BEGIN DATASET RECORDS

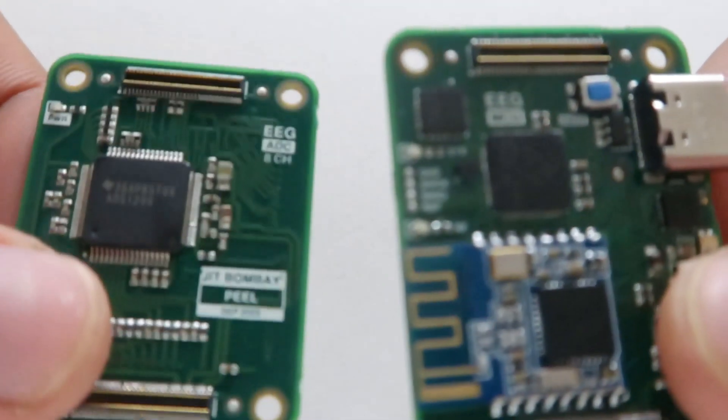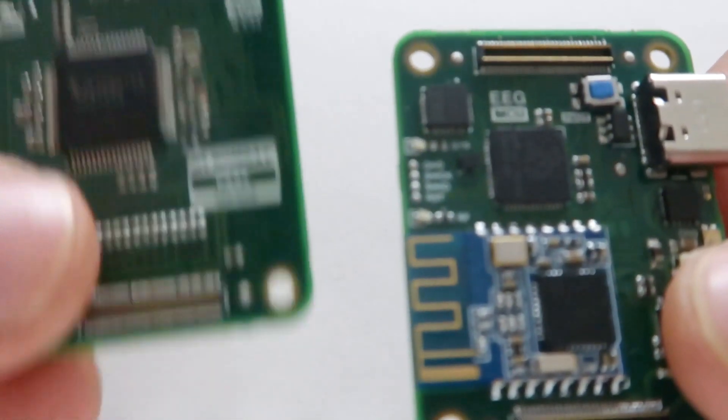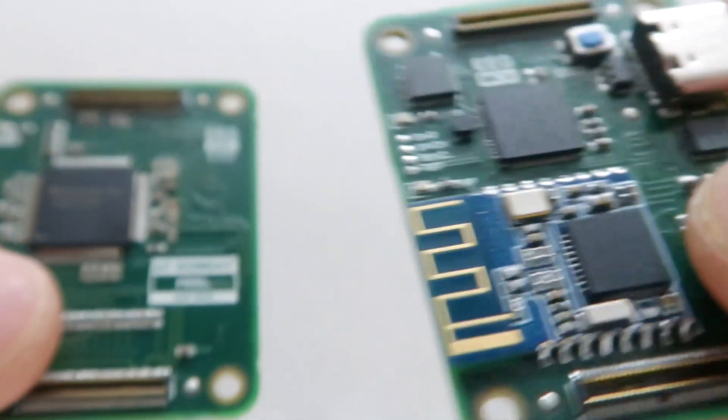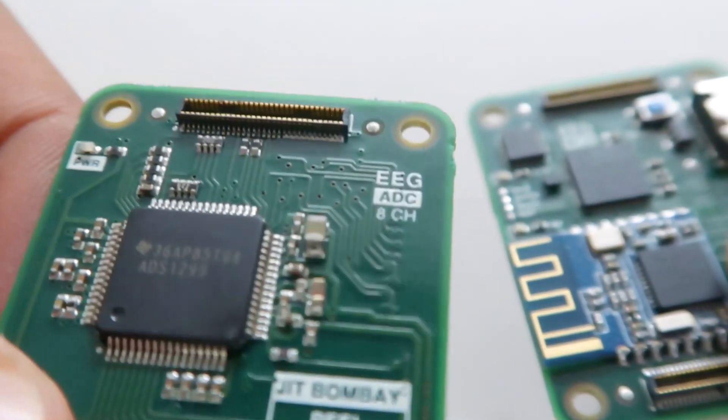The hardware of the first revision of the wearable EEG project is made out of two boards. One is the EEG MCU board, which is the MCU stack, and the other is the ADC stack.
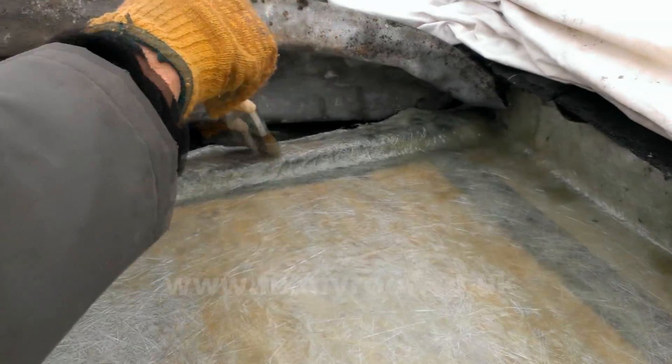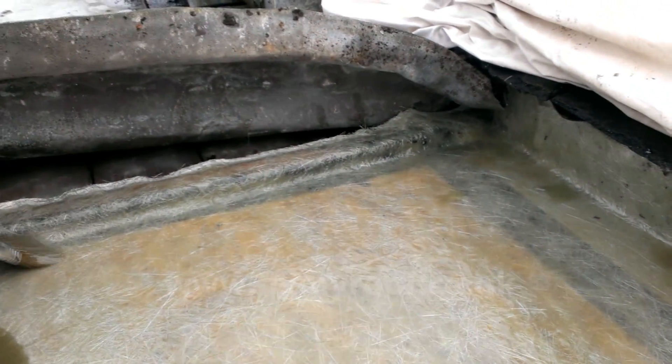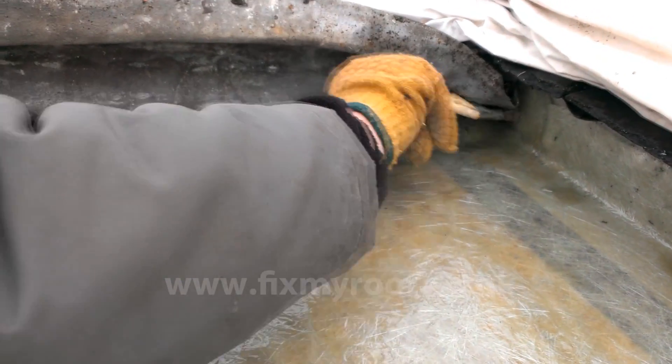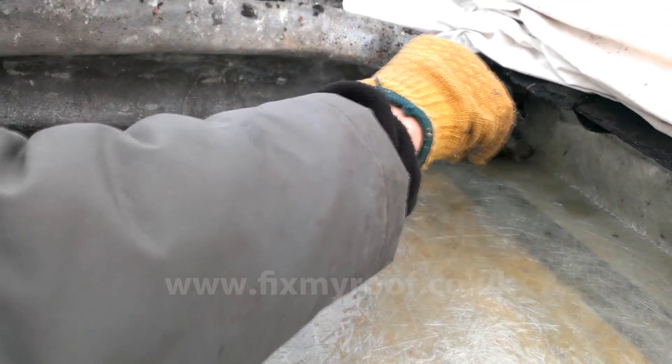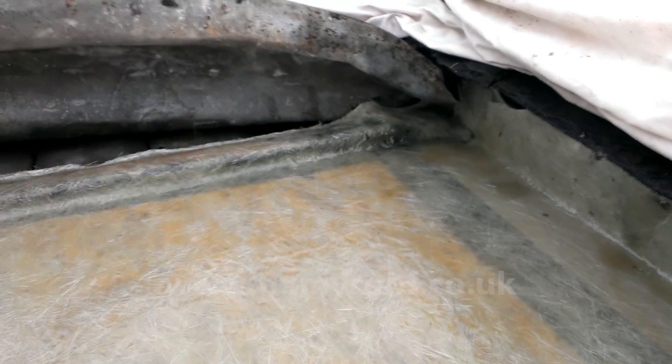Here's the technique for any details — it's a jabbing motion with the end of the brush. Later on, I'm going to be adding another layer of 450g CSM to the mop stick to strengthen the joint. You will probably notice that the matting is now starting to turn transparent. This is the binding agent breaking down in the chop strand matting — this is exactly what you're looking for.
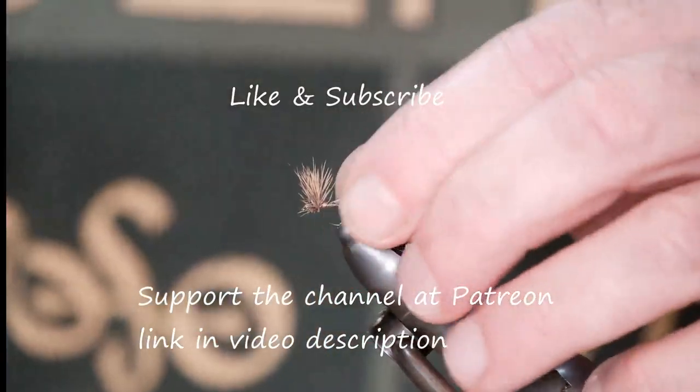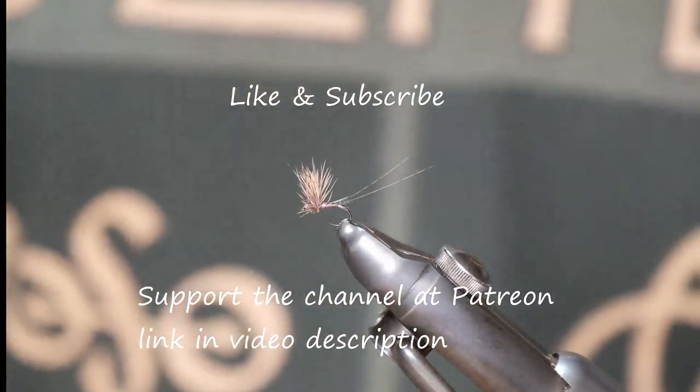Sinn a bhuel, ar ais amárach. Slán go fóill.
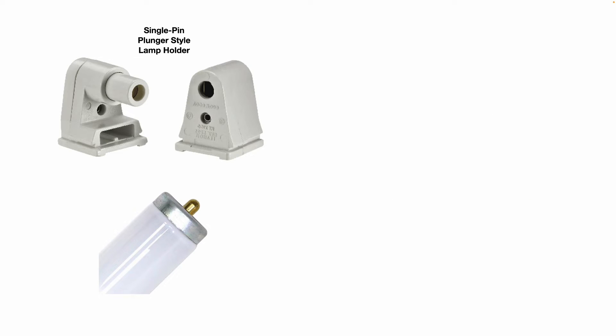You can also buy replacement single pin plunger style lamp holders. I'd recommend replacing them in pairs. They're readily available, inexpensive, and easy to replace.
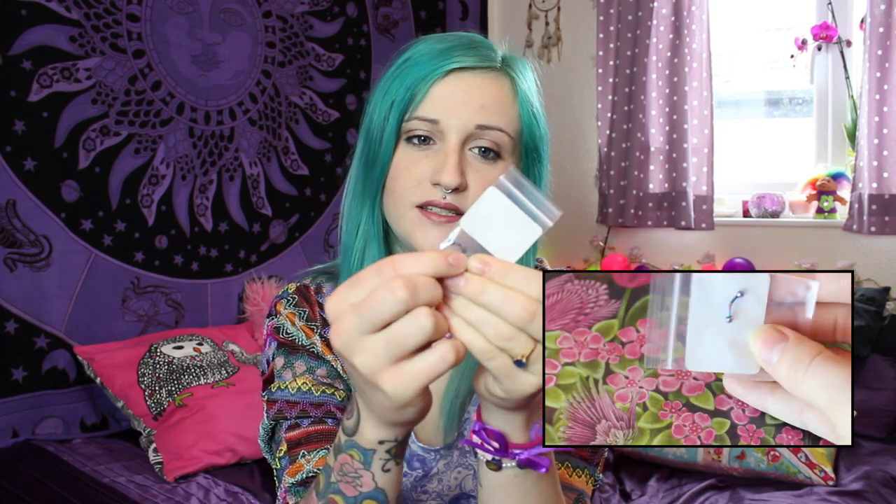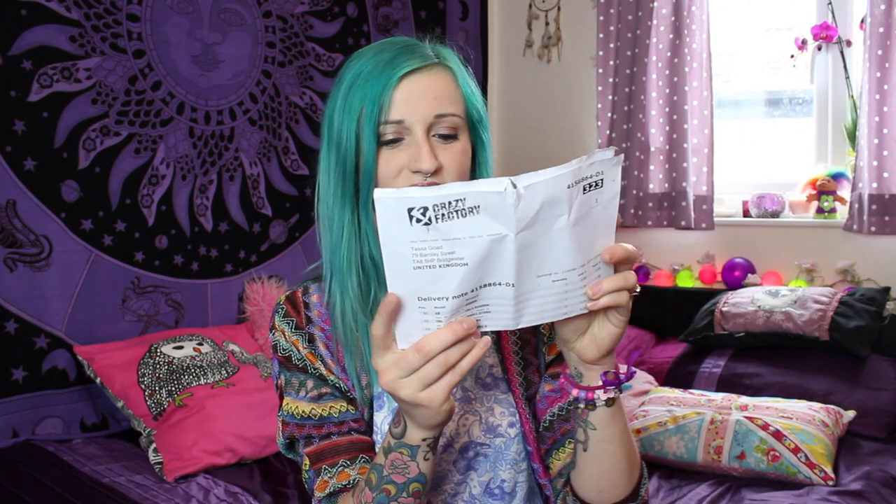I also bought this little barbell. It's either anodised steel or titanium — I need to check — but it's rainbow. I bought this one for my rook piercing. Hopefully if I can get it in and not lose the balls, that's another story.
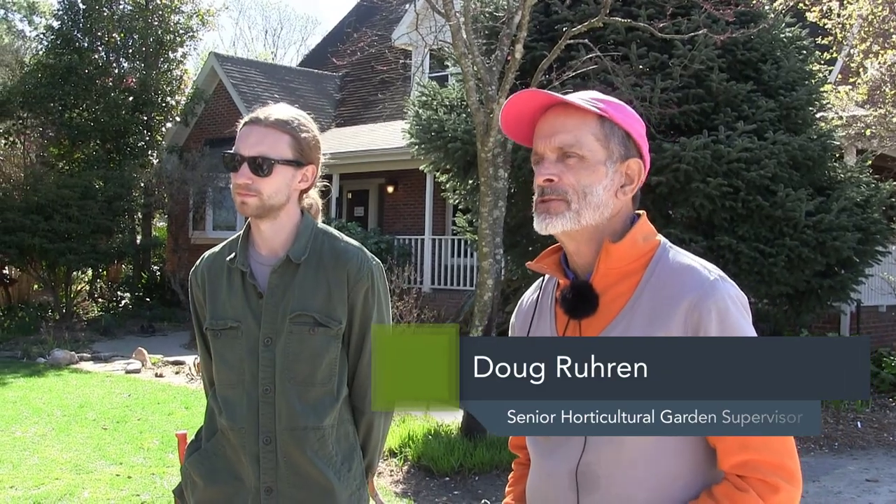Welcome. These little classes are a really good time for the audience to ask questions, so if you have specific questions do ask them. We certainly have plenty of things to talk about, but specific issues from your own garden would be the most valuable ones. I'm Doug Roran, and this is Logan Clark.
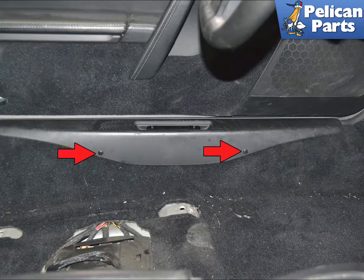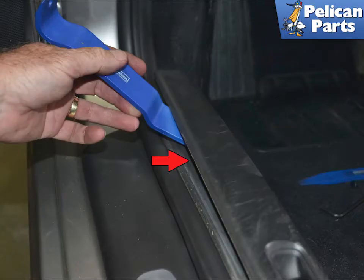Note the seat has been removed for photographic purposes only — you do not need to remove the seat. Use a trim removal tool and starting at one end, lift the plate away from the vehicle. Work your way from one end to the other.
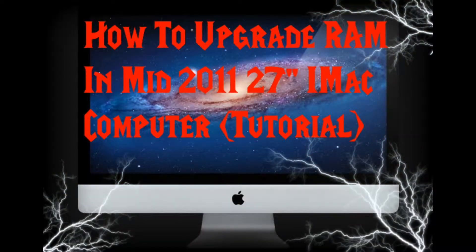Hey everybody, iDansThunderclouds here, and today we're going to talk about how to upgrade your RAM in a mid-2011 27-inch iMac.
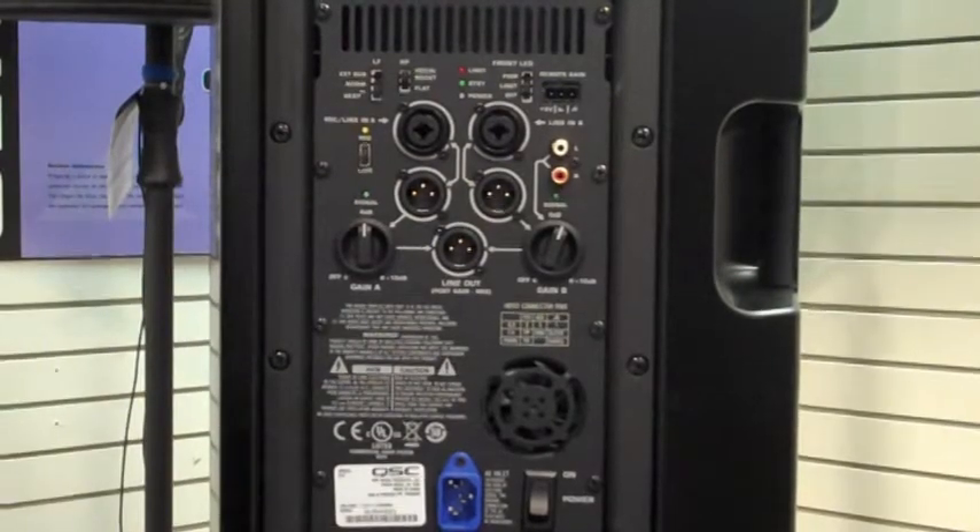Now we're going to talk about the BOP — bucket of power. We're going to go over all the feature sets on the back of the speakers here.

END DATASET RECORDS

- _WHAT IS EXPECTED_: Give the data again exactly. Keep the images out.

- _SOLVED PROBLEM_:
The hardware of the first revision of the wearable EEG project is made out of two boards. One is the EEG MCU board, which is the MCU stack, and the other is the ADC stack.
Here's the technique for any details — it's a jabbing motion with the end of the brush. Later on, I'm going to be adding another layer of 450g CSM to the mop stick to strengthen the joint. You will probably notice that the matting is now starting to turn transparent. This is the binding agent breaking down in the chop strand matting — this is exactly what you're looking for.
Sinn a bhuel, ar ais amárach. Slán go fóill.
You can also buy replacement single pin plunger style lamp holders. I'd recommend replacing them in pairs. They're readily available, inexpensive, and easy to replace.
I also bought this little barbell. It's either anodised steel or titanium — I need to check — but it's rainbow. I bought this one for my rook piercing. Hopefully if I can get it in and not lose the balls, that's another story.
Welcome. These little classes are a really good time for the audience to ask questions, so if you have specific questions do ask them. We certainly have plenty of things to talk about, but specific issues from your own garden would be the most valuable ones. I'm Doug Roran, and this is Logan Clark.
Note the seat has been removed for photographic purposes only — you do not need to remove the seat. Use a trim removal tool and starting at one end, lift the plate away from the vehicle. Work your way from one end to the other.
Hey everybody, iDansThunderclouds here, and today we're going to talk about how to upgrade your RAM in a mid-2011 27-inch iMac.
Now we're going to talk about the BOP — bucket of power. We're going to go over all the feature sets on the back of the speakers here.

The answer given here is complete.